Helen Keller estimava e sempre se recordava de uma doação feita a uma de suas obras de caridade, enviada junto com um buquê de rosas para ela por um adolescente com deficiência. Recordando-se do seu sincero gesto, ela escreveu: “As rosas desapareceram há muito tempo, e o jovem coração que se inclinou naquele bom impulso deixou de bater, mas sua adorável ação florescerá para sempre no jardim da minha alma”.

Nosso movimento é igual. Tudo começa com a ação de valorizar a intenção sincera, a determinação resoluta, da pessoa que está bem diante de nós.

A determinação resoluta de indivíduos comuns é sempre a força motriz da história.

Determinação resoluta é sinônimo de juramento

Todo o esforço, a dedicação e o trabalho duro dos nossos membros em prol do kosen-rufu não são apenas atividades. São a vida em si.

Os budas das dez direções e das três existências certamente nos louvarão. As divindades celestiais e as divindades benevolentes não podem deixar de nos proteger.

Na cerimônia do segundo ano do falecimento de Makiguchi sensei (em novembro de 1946), Toda sensei fez a seguinte declaração como verdadeiro discípulo do seu mestre: “Estou decidido a levar adiante sua determinação resoluta e cumprir a missão da Gakkai para que eu possa merecer seu aplauso quando lhe encontrar no Pico da Águia”.

A determinação resoluta compartilhada por mestres e discípulos Soka é sinônimo de juramento pelo kosen-rufu.

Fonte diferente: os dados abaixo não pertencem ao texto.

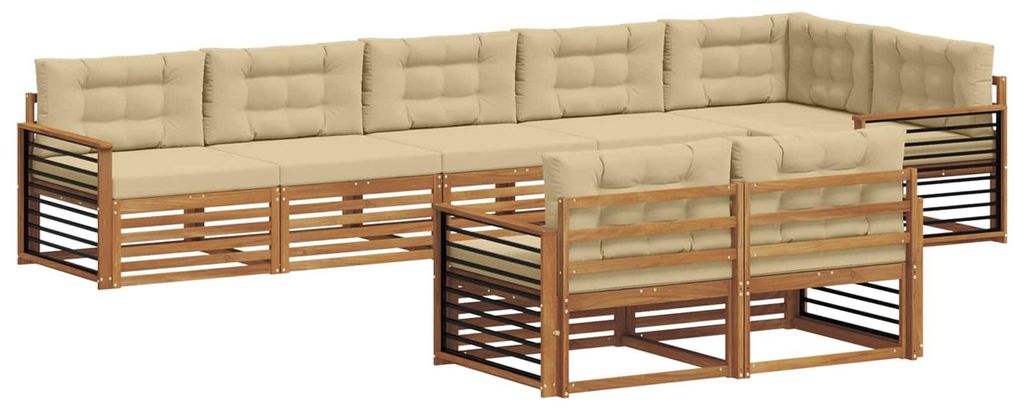 vidaXL Outdoor-Sofagarnitur mit Kissen 8 pcs Natur und Beige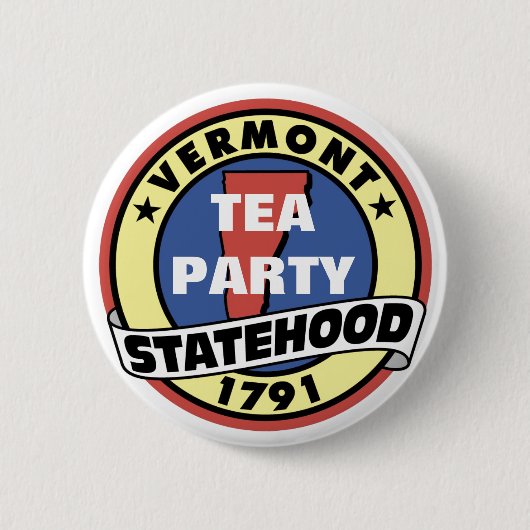 VERMONT TEA PARTITY STATE RONDE BUTTON 5,7 CM (Voorkant)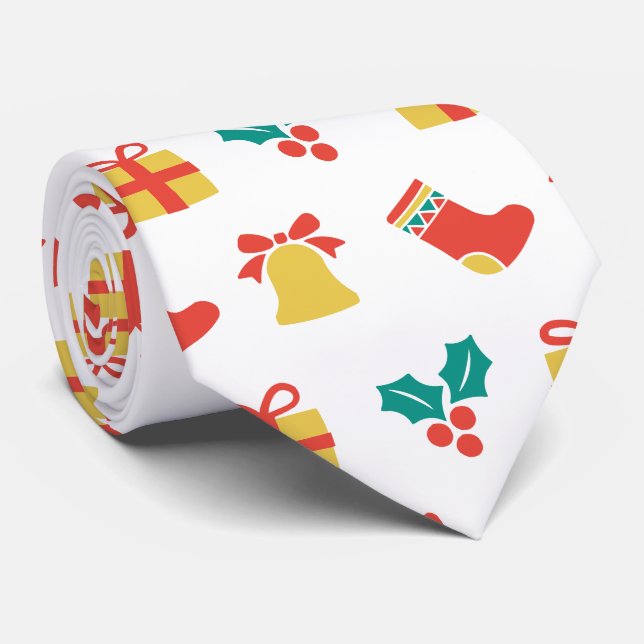 Gravata Holly Bell Stocks Red White Dourado Natal (Rolled)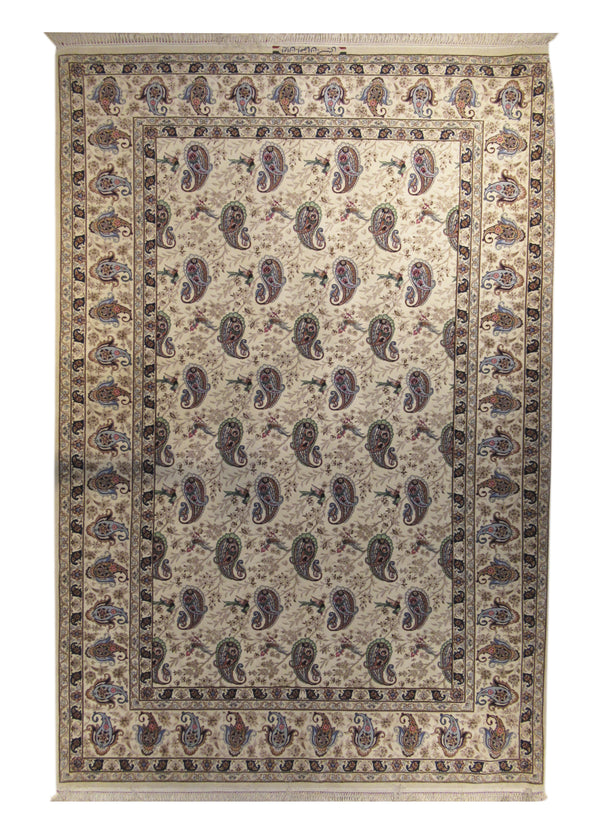 Persian Rug Isfahan Handmade Area Traditional 5'3"x7'10" (5x8) Whites/Beige Green Paisley/Boteh Design #A18155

Os ideogramas em japonês que designam a palavra “companheiro” (doshi) possuem o significado de “encontro de pessoas com a mesma determinação resoluta”, ou seja, aqueles que compartilham a mesma determinação ou juramento. A SGI é uma reunião de companheiros que compartilham o mesmo propósito e determinação.

Não há ninguém que possua determinação resoluta mais poderosa que a nossa, os membros da SGI, que se esforçam arduamente em prol do kosen-rufu, unidos com o espírito de “diferentes em corpo, unos em mente”, se solidarizam uns com os outros e se encorajam mutuamente. É por essa razão que conseguimos propagar o Budismo Nichiren para o mundo.

Os associados da SGI, dedicados à determinação sincera e resoluta de se empenhar pela felicidade de todas as pessoas, são os tesouros do mundo. Os membros da SGI com a determinação resoluta de concretizar a paz são os tesouros da humanidade. A expansão da nossa rede de resolução compartilhada transformará nosso planeta num belo reino de tesouros.

Toda sensei declarou: “Devemos concentrar nossos esforços à criação de um novo autêntico companheiro e depois cultivar outro, e outro. É isso que cria a época”.